Family FeudsIf there is a god, he will "lead my ex to the light" and get him the hell off this planet. In all my days, I have never encountered such an evil scum sucking man. This saga began after I married you some 19 years ago. First, we had a son and moved back in with my parents. You controlled our money and when you claimed you were paying the bills, I come to find out that you weren't and my family had to step in to help us not lose everything we own. You were such piece of shit that you were happy to have them do so. We had terrible fights and I began drinking to lessen the pain and in doing so became a full fledge alcoholic. I left you and moved back in with my family and filed for divorce. You never took an active interest in our son while we were married, but oh boy, your sure did when I left you. You fought for custody and lost but never left me alone. You paid child support when you wanted even though I needed help to afford things for our baby. Eventually, you wrestled custody from me and demanded that I pay child support. well, I am not a blood sucking shithead like you and I paid it- always and on time. I know my responsibiity.......but that wasn't enough, you continued to drag me to court for the bull shit of things which you never won.

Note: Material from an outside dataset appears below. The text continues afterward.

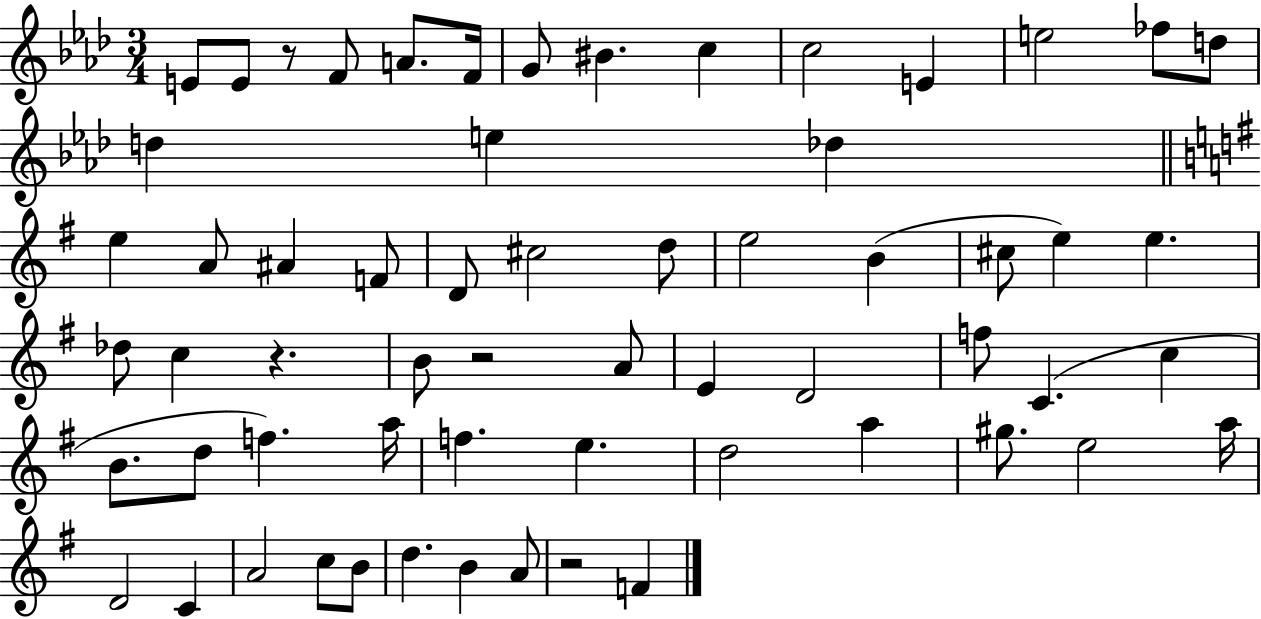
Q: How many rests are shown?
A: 4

You let years go by without even trying to get along with your son probably because you wanted me to abort him when I was pregnant. I was always there for him, for school, camp, events which you were much to busy to attend. Then you decided that he could stay with me and did not even ask or call him for 9 months while you continued to get support money and went on all your bullshit business trips. He hates you now and when I finally got back to court to get him away from you, you saw your cash cow in jeopardy. How many times does you own son have to call the cops on you? He wishes you were dead- and I don't blame him. I lost my job and you asked to have the child support INCREASED?? You crap headed piece of garbage, sad excuse for a father, and evil mother fucker.........He has only 1 month left in his prison term of living with you and he is out- he got himself an apartment, financial aid for school and is leaving..........all on his own. He talkes to me on a daily basis and if you had your brains blown out, he would not even know since he only uses your house as a bed and - news flash- if that happened, would be all too happy to run over to your house and empty if of any thing that could bring him a dollar. You get child support from me and do not spend one dime on anything for him-he is not there enough to justify paying for any electricity or water- and you can't come up with $2 a day for lunch for him?
There are no words that I can use to describe what an evil mother fucker you are- you will get yours, that I promise. Keep looking over your shoulder and carry a gun- there is a very very long list of people who would give a million dollars to see your crummy ass go through a terrible, painful and horrifying death.